Pour sa part, le directeur des activités médicales et paramédicales de l’Etablissement hospitalo-universitaire (EHU) Mustapha-Pacha, Pr Rachid Belhadj a souligné que « les pouvoirs publics doivent mettre en place rapidement une politique de prévention pour la prise en charge sanitaire des personnes âgées qui souffrent souvent de plusieurs maladies chroniques.

La prise en charge de cette catégorie au regard des maladies dont elle souffre, doit être assurée par une équipe médicale multidisciplinaire, selon l’intervenant qui est également chef de service Médecine légale à l’EHU, Mustapha Pacha.

Il a précisé, par ailleurs, que le service des urgences médico-chirurgicales de l’hôpital « Mustapha Pacha » d’Alger « reçoit quotidiennement un grand nombre de personnes âgées qui souffrent de plusieurs maladies chroniques nécessitant un suivi dans toutes les spécialités, ce qui surcharge les médecins et rend difficile la prise en charge des autres malades ».

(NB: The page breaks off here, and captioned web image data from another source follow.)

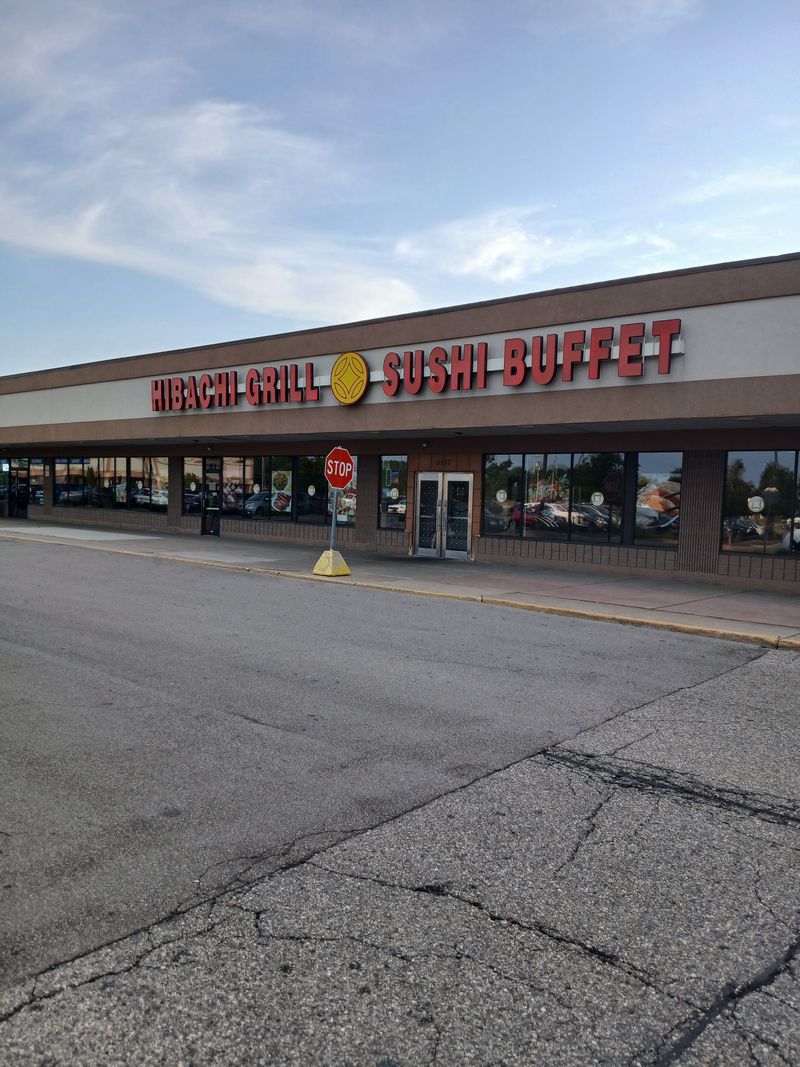 Hibachi Grill Sushi Buffet (Lansing)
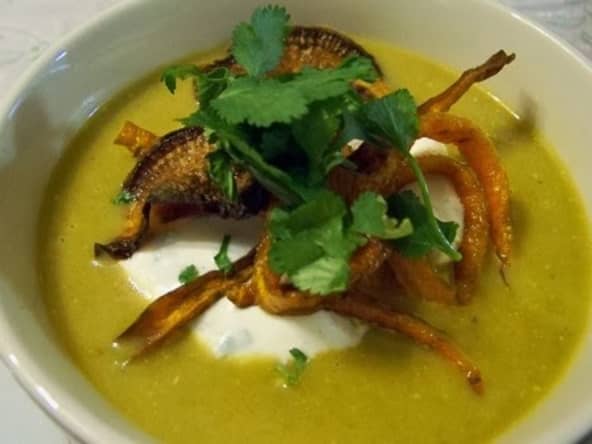 Soupe de carottes, navets boules d'or, chou pak choy, nöra et citronnelle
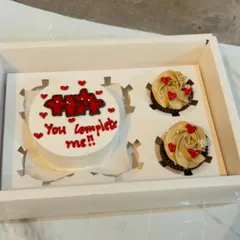 A sweet combo box with a "You complete me" bento cake and two matching cupcakes. It's a perfect gift for your special someone.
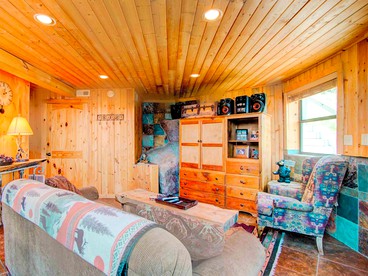 Gorgeous Custom Built Cabin with a Hot Tub near Denver, Colorado - Evergreen, Colorado - glamping.directory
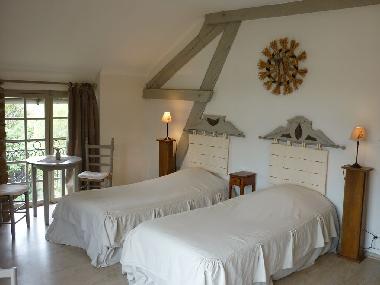 Maison de vacances �/en/au Haut de Bosdarros (Pyr�n�es-Atlantiques)ou appartement ou maison de vacances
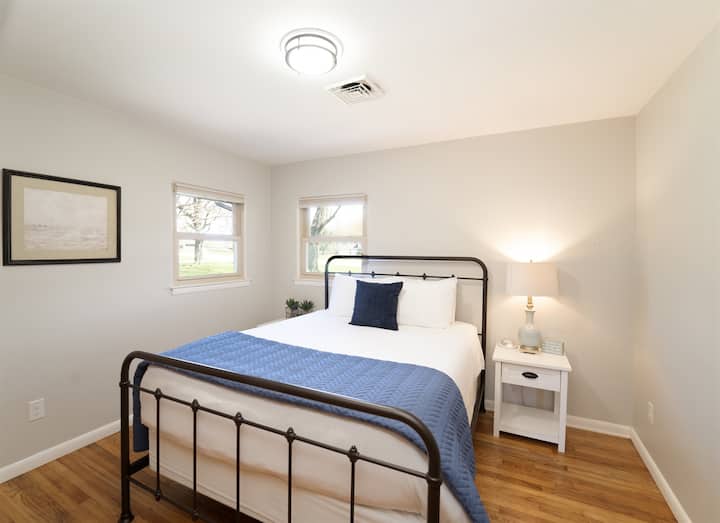 ¡Date la vuelta por la noche! El dormitorio secundario tiene una acogedora cama queen y se encuentra junto a la sala de estar. Todas las habitaciones ofrecen un armario, cajones incorporados, máquina de sonido y mantas adicionales.
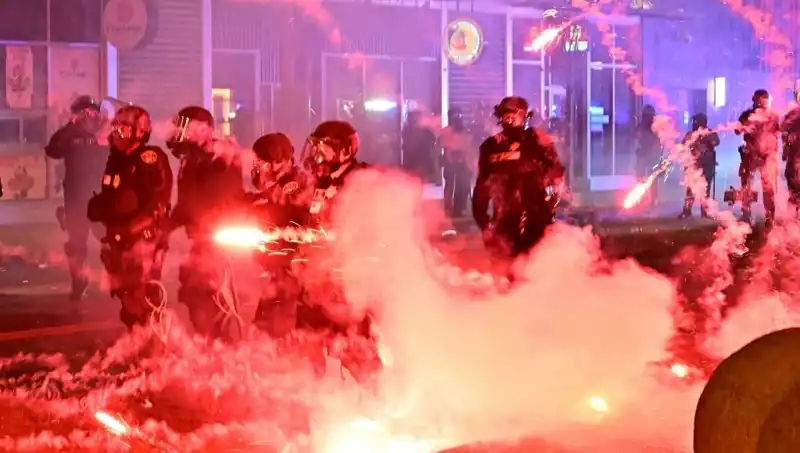 ABD'de İsyan Büyüyor: Los Angeles'taki Protestolar Ülke Genelinde Dalga Dalga Yayılıyor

De son côté, la sociologue Houria Ahcen Djaballah estime que « la prise en charge d’une personne âgée souffrant de nombreuses pathologies est difficile notamment pour les membres de leurs familles en raison du manque de moyens financiers, appelant la société civile et les hommes d’affaires à contribuer, aux côtés de l’Etat, à la création de centres de gériatrie.

La spécialiste a souligné, dans ce sillage, que « la création de centres et de services gériatriques peut contribuer à alléger la pression sur les familles notamment celles qui ont les moyens, alors qu’il incombe à l’Etat de prendre en charge les catégories vulnérables de la société au niveau des centres relevant du ministère de la Solidarité nationale, de la Famille et de la Condition de la femme.

Elle en outre constaté avec préoccupation les comportements de certaines familles qui abandonnent leurs proches âgés ou les maltraitent sans être punies, en dépit de l’existence des lois dissuasives en la matière, rappelant à ce propos les valeurs de solidarité, d’entraide et de maintien des liens de parenté au sein de la société algérienne.

De nombreux spécialistes ont déploré l’absence d’activités dédiées à cette catégorie de personnes dont certaines se rassemblent dans les cafés et les jardins publics, ou disputent des parties de domino dans les quartiers, tandis que d’autres personnes vivent dans une solitude dévastatrice à la maison, en l’absence des moindres moyens de communication, de la tendresse et de l’affection.